Stop for a moment and think of a particular task you’ve been avoiding. That is your frog. Most professional skin care therapists and owners of skin care centers stumble and stall in four areas.

  1. Business analysis like quantifying growth, target setting, client retention, retail vs. sales revenue
  2. Operation matters like inventory control, website updates, POS software upgrades or writing that policy and procedures manual
  3. Marketing the business from cleaning up the database, social media campaigns, networking or planning your marketing calendar.
  4. HR issues like having difficult conversations with troublesome staff members, recruitment or dismissing the ones that need to go

These are just a few of the critical areas where every business needs to eat the frog. But many of us avoid these frog-tasks completely, start and stop, or do them poorly—and our business suffers. It also hurts our own professional self-esteem to know that we have not eaten the frog, faced our fears, swallowed the worst, and emerged victorious (i.e. maximum productivity, performance, output and value).

In his best-selling book “Eat That Frog,” efficiency and effectiveness expert Brian Tracy states, “The ability to concentrate single-mindedly on your most important task of that moment, to do it well, and to finish it completely is the single most important realization.” Tracy admits and we all know, too, that the key phrase is “most important task of that moment.” We all have many frogs. Discerning which is the most important requires skill.

Prioritizing the Frogs

Rank your frogs or priorities from 1-5. Concentrate on the most important one first.

Start with the small bites. Procrastination occurs when the task is too big. Break the project down to smaller chunks that suit your attention span.

Don’t get distracted. Lock yourself away from your team if necessary. Find a place where you are less likely to feel frustrated by interruptions. Dedicate Mondays or a couple of mornings a week away from the spa or salon to work on your frogs and goals.

Reward yourself after each frog is eaten. A call to a friend, listening to a favorite song, an armful of fresh flowers from the farmers market, whatever lights up the reward-center in your brain.

Find other frog eaters. Has it ever occurred to you when you are surrounded by people who work hard, you will be energized and will work hard as well? People motivate each other.

Map the task into long-term goals. How can your task at hand contribute to your long term goals?

Find your motivational switch. Everyone has a way to switch on their own motivation mode. Whatever it is, find out what’s your switch and exploit it.

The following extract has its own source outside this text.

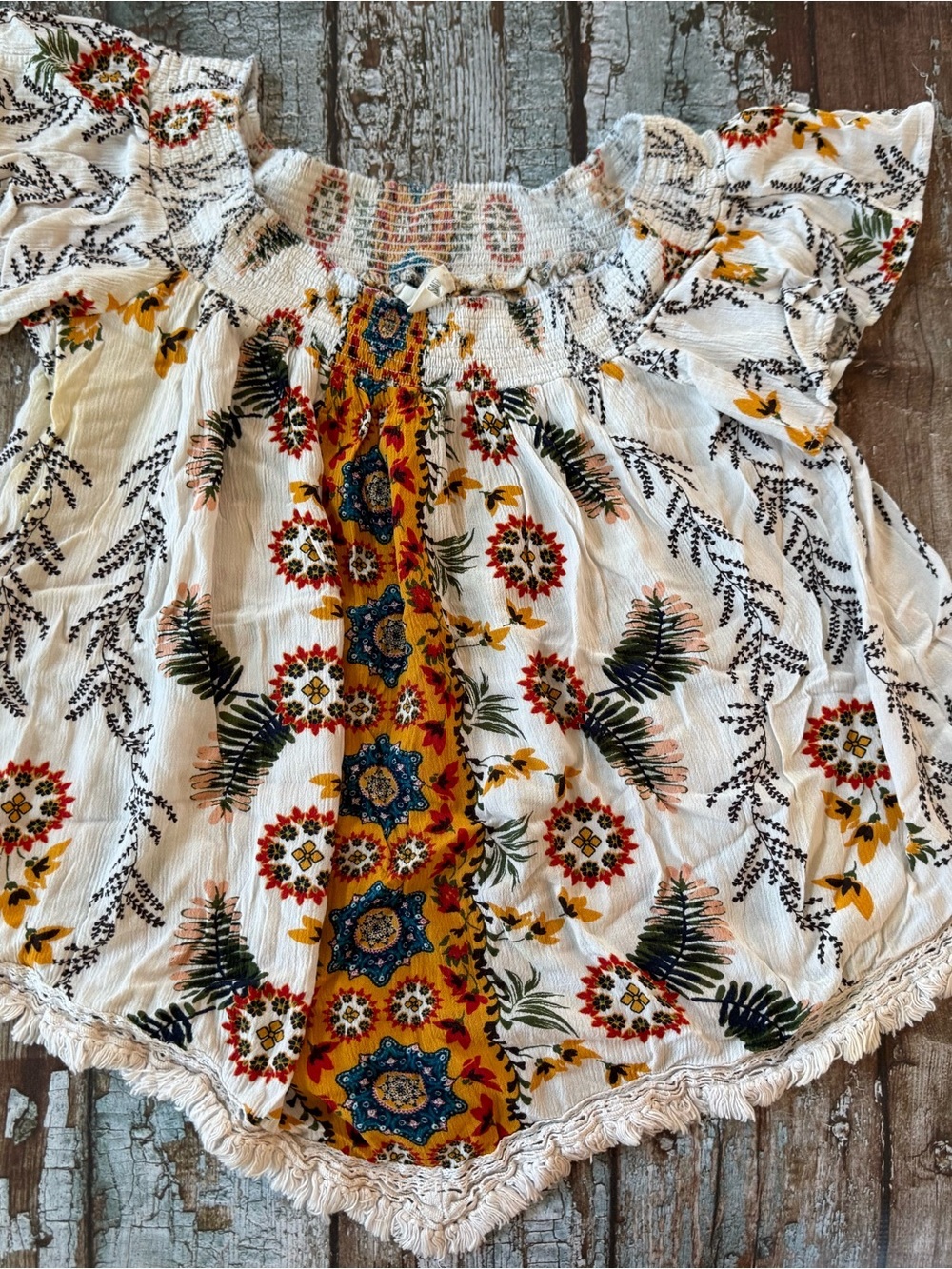 Taylor & Sage White Floral Boho Peasant Top w Mustard & Navy Accents Raw Hem Lg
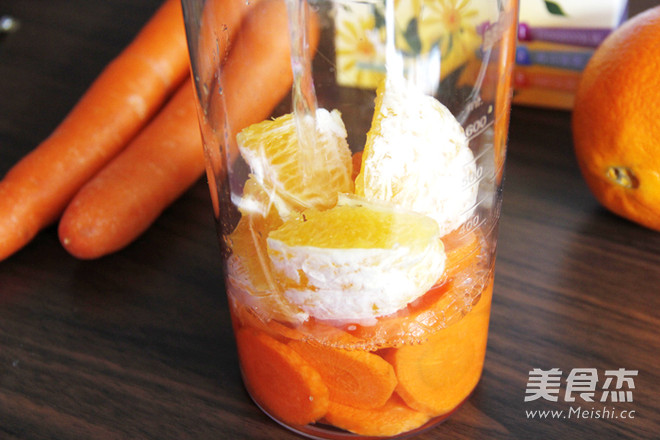 Freshly Squeezed Carrot Orange Juice recipe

Most importantly, take action every day when it comes to identifying, facing down and ultimately eating your frog. Brian Tracy says, “The key to success is action.” I agree and will simply echo a traditional Chinese proverb, “Talk does not cook rice.”

Bon appétit!


Annet King  is the director of global education for the The International Dermal Institute and Dermalogica. She is responsible for creating professional classes and training materials for Dermalogica and oversees all IDI curriculum. For more than a decade, Annet has traveled internationally as a speaker and master educator for IDI and Dermalogica, training international educators as well as skin therapists. King is one of the brand’s voices and is a frequent contributor to magazines, websites, TV and radio programs.